RECORDS FOR THE EXERCISE: Begin
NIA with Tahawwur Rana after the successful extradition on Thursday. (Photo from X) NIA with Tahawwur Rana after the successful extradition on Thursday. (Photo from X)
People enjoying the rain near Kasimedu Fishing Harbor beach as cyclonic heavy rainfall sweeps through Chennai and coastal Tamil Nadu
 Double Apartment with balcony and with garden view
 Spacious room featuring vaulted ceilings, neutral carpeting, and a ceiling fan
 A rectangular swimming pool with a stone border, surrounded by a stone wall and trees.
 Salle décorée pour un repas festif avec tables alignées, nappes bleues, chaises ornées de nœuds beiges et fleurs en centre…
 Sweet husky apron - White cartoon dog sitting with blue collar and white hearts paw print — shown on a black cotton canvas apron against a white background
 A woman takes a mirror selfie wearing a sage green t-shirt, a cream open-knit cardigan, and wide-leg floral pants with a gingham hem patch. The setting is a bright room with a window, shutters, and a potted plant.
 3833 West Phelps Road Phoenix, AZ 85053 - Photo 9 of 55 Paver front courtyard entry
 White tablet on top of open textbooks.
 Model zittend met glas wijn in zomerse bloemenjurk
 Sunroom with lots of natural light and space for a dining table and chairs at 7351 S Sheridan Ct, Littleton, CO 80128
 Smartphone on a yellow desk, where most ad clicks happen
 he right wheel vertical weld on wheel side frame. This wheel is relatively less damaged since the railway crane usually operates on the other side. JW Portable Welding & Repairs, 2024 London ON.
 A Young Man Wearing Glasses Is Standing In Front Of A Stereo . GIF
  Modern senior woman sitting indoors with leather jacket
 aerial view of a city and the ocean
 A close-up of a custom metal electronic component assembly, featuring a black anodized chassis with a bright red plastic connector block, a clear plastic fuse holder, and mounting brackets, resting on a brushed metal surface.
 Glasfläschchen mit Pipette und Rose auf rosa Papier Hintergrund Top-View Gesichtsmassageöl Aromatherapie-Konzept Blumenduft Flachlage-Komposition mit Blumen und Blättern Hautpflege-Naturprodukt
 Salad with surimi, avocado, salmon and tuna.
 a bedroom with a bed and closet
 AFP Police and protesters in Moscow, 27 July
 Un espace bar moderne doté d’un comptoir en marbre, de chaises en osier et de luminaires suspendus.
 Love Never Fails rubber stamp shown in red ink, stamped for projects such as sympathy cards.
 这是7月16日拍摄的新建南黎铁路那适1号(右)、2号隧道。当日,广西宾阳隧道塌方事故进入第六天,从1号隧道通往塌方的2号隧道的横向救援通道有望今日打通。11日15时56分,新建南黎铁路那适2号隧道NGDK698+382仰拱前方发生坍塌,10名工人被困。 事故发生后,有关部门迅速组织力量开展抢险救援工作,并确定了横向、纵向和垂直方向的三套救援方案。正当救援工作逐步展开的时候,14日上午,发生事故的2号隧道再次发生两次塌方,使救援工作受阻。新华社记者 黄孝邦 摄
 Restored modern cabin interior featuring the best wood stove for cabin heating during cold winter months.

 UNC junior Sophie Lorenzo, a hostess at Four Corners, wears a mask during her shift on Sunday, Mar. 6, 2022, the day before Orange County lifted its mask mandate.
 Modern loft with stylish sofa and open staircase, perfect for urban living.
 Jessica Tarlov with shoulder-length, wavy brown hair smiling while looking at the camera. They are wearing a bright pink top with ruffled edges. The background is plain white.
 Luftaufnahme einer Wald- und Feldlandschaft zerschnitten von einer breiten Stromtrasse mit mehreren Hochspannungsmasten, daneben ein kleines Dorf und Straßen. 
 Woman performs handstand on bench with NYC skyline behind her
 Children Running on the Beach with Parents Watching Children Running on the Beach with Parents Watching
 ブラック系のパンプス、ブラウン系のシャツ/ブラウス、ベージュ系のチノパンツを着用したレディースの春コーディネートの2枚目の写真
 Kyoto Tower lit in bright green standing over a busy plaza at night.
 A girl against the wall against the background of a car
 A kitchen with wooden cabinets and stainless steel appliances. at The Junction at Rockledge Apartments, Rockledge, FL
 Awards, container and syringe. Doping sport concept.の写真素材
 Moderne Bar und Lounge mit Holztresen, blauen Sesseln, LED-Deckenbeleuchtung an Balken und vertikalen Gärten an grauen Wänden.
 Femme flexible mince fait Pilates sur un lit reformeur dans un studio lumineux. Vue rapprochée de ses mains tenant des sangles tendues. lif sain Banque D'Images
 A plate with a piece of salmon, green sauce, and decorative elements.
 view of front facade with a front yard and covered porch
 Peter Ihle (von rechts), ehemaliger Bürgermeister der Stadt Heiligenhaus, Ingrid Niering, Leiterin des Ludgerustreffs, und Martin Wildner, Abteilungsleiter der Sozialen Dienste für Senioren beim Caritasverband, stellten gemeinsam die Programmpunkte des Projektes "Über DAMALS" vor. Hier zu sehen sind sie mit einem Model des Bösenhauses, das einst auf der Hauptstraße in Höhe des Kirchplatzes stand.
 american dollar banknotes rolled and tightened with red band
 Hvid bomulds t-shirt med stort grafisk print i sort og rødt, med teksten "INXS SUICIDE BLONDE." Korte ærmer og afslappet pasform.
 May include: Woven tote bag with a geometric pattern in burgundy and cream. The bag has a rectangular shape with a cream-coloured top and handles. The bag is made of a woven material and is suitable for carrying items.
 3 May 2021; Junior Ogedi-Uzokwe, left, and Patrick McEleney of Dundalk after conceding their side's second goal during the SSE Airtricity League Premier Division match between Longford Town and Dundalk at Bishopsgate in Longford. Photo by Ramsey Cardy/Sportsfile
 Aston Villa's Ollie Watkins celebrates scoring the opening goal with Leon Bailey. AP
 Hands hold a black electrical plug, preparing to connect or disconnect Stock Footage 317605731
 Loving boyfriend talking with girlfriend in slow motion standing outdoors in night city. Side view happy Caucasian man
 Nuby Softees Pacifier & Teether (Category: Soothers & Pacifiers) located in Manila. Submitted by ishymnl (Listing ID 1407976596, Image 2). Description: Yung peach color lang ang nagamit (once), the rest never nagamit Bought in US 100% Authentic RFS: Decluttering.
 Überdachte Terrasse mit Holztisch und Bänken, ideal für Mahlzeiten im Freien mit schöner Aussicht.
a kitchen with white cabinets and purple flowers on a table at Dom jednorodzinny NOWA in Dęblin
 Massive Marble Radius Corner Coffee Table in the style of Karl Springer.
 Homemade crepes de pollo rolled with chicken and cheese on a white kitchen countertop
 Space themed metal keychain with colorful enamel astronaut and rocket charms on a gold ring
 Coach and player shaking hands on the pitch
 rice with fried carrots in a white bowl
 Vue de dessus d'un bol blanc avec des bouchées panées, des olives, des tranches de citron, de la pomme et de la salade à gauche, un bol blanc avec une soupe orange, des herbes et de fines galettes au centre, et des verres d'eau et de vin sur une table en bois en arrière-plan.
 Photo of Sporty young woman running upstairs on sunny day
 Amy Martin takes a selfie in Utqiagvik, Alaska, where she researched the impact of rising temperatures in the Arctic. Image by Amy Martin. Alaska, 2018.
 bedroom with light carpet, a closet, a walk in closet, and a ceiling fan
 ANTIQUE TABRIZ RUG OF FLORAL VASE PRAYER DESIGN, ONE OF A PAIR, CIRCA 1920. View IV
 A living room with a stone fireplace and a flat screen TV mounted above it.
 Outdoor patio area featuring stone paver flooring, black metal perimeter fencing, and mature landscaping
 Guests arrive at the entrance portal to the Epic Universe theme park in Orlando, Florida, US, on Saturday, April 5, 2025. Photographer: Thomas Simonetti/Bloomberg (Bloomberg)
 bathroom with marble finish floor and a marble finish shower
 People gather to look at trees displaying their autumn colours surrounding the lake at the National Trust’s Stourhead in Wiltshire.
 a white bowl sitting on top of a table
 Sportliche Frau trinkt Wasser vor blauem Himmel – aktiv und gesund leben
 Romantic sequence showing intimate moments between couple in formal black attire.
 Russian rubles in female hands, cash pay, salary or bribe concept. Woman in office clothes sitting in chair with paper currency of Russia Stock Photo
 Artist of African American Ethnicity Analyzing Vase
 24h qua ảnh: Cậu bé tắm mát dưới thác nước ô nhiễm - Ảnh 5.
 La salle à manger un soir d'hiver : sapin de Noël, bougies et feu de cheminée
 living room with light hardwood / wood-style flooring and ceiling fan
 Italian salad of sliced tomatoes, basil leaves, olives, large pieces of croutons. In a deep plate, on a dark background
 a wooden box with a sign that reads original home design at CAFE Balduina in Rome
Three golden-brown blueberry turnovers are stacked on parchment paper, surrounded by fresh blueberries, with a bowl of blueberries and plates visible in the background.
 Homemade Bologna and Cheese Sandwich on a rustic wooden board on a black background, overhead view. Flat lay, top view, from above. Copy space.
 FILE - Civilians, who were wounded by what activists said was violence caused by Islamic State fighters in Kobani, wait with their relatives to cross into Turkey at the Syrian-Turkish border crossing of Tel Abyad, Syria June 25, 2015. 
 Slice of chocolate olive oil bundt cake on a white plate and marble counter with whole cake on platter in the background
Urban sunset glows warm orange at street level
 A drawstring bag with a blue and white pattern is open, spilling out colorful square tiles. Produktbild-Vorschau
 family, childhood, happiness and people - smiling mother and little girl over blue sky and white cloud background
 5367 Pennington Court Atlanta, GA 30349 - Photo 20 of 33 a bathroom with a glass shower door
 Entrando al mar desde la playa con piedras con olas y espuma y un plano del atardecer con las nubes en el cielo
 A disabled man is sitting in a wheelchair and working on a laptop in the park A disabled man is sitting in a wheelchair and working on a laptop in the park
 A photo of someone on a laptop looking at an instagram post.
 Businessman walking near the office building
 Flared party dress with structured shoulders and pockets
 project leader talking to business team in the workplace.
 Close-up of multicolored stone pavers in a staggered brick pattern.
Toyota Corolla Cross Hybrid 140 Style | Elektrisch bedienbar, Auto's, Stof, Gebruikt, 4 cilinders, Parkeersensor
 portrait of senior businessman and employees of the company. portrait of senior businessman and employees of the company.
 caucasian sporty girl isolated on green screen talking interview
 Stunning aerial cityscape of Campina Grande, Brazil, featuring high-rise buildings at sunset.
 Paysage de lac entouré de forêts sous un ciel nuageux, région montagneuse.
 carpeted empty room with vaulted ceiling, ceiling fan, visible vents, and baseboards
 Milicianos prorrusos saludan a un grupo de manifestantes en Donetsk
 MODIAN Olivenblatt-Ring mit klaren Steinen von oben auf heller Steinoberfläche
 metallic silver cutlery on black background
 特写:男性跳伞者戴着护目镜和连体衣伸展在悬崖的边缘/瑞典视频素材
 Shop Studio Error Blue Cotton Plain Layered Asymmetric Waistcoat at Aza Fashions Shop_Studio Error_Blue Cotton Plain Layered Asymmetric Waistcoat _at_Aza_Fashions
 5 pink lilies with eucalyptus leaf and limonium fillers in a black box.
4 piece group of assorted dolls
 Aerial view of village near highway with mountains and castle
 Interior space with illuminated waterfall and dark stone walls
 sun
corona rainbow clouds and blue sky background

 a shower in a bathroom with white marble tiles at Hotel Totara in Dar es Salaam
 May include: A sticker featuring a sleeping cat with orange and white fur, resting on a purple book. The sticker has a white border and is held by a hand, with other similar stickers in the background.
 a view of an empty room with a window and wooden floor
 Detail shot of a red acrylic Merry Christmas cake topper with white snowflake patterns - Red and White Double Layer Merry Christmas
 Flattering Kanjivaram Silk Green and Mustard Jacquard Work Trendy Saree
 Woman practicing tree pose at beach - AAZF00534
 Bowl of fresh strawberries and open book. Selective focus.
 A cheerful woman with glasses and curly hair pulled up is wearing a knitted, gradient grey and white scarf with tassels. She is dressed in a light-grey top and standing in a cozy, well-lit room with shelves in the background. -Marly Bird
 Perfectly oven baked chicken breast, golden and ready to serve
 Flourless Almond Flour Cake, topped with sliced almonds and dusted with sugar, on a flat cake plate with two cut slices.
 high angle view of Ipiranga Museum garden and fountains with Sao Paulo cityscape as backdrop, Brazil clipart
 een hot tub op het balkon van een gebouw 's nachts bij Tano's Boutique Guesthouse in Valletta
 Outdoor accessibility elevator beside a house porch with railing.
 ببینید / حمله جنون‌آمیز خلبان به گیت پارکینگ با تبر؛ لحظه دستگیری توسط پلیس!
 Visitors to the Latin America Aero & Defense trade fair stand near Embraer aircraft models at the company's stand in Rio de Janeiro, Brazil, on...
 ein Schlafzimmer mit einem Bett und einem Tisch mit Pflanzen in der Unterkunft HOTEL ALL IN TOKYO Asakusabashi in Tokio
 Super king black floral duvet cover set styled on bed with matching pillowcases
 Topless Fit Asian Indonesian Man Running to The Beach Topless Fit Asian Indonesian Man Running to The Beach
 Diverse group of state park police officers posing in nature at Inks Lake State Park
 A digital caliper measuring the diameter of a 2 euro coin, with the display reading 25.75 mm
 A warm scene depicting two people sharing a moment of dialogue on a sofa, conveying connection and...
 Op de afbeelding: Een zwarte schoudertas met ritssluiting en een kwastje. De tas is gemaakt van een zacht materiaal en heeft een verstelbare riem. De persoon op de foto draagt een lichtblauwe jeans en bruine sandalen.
RECORDS FOR THE EXERCISE: End
=== PROBLEM STATEMENT ===
The reply should consist solely of the lines above from the one that has "Sunroom with lots" through the one that has "aerial view of a city and the ocean", reproduced exactly.

=== RESULT FOR THIS TASK ===
 Sunroom with lots of natural light and space for a dining table and chairs at 7351 S Sheridan Ct, Littleton, CO 80128
 Smartphone on a yellow desk, where most ad clicks happen
 he right wheel vertical weld on wheel side frame. This wheel is relatively less damaged since the railway crane usually operates on the other side. JW Portable Welding & Repairs, 2024 London ON.
 A Young Man Wearing Glasses Is Standing In Front Of A Stereo . GIF
  Modern senior woman sitting indoors with leather jacket
 aerial view of a city and the ocean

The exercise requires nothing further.